No conto “Boa viagem, senhor presidente”, Gabo nos traz o caso de um deposto presidente de uma república caribenha, Martinica, que vai se tratar da saúde em Genebra, onde encontra um casal de concidadãos que traçam um plano para se beneficiar da pretensa influência e prestígio do presidente moribundo. Por fim, acabam mesmo se envolvendo afetivamente e ajudando-o a retornar ao seu país, ato que o reanimou, fazendo ressurgir nele o desejo de retornar à vida política.

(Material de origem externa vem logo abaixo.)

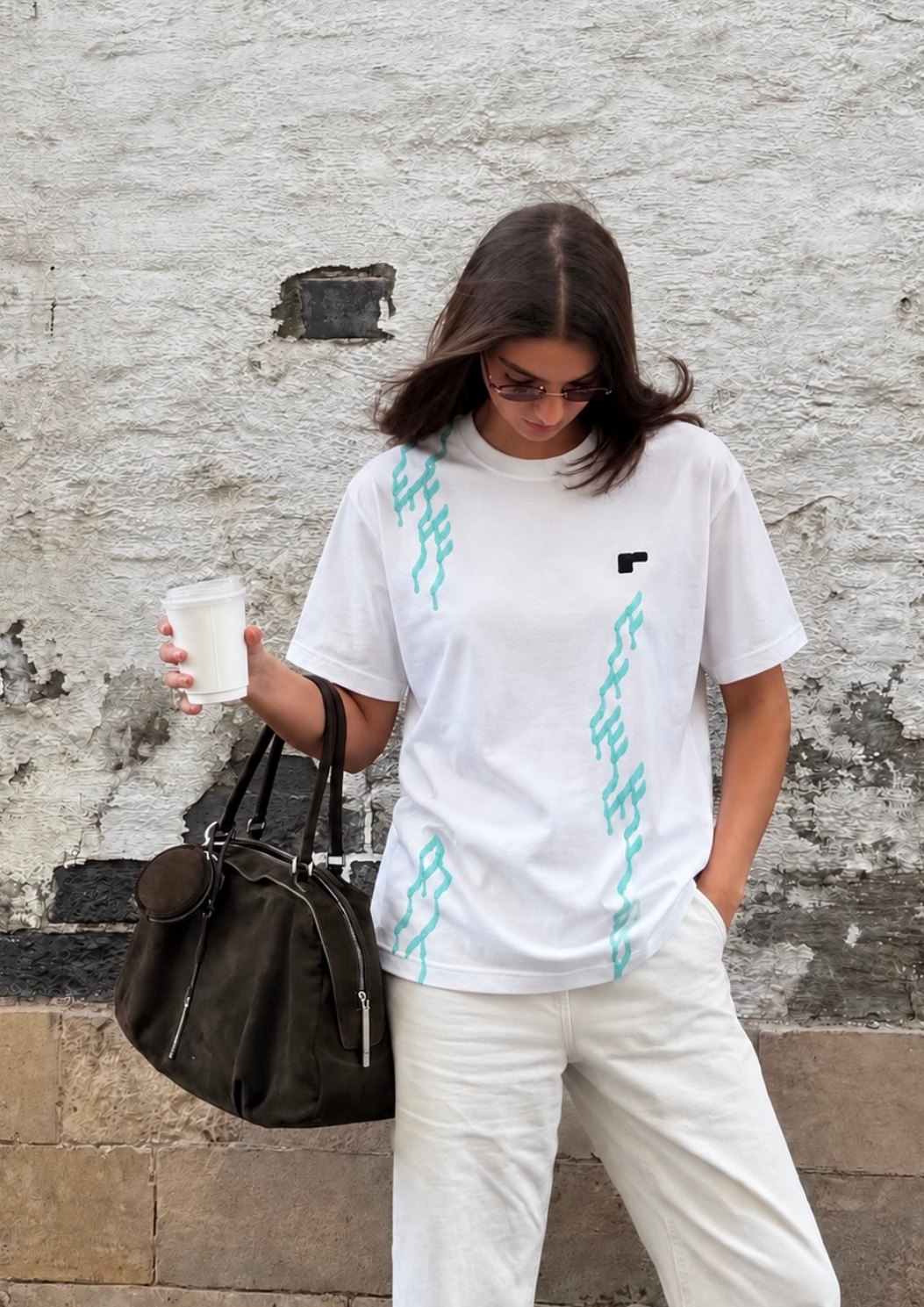 RYCONWEAR lifestyle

No livro, Gabo homenageia vários artistas, como Vinicius de Moraes em "Só vim telefonar". No conto em comento, o presidente tem como amigo e provedor Aimé Fernand David Césaire (1913 — 2008). Nascido na Martinica, foi um dos mais importantes poetas surrealistas do mundo e considerado, juntamente com o Presidente senegalês Léopold Sédar Senghor, o ideólogo do conceito de negritude. Além de poeta, Aimé Césaire foi  dramaturgo e ensaísta, com obra marcada pela defesa das raízes africanas.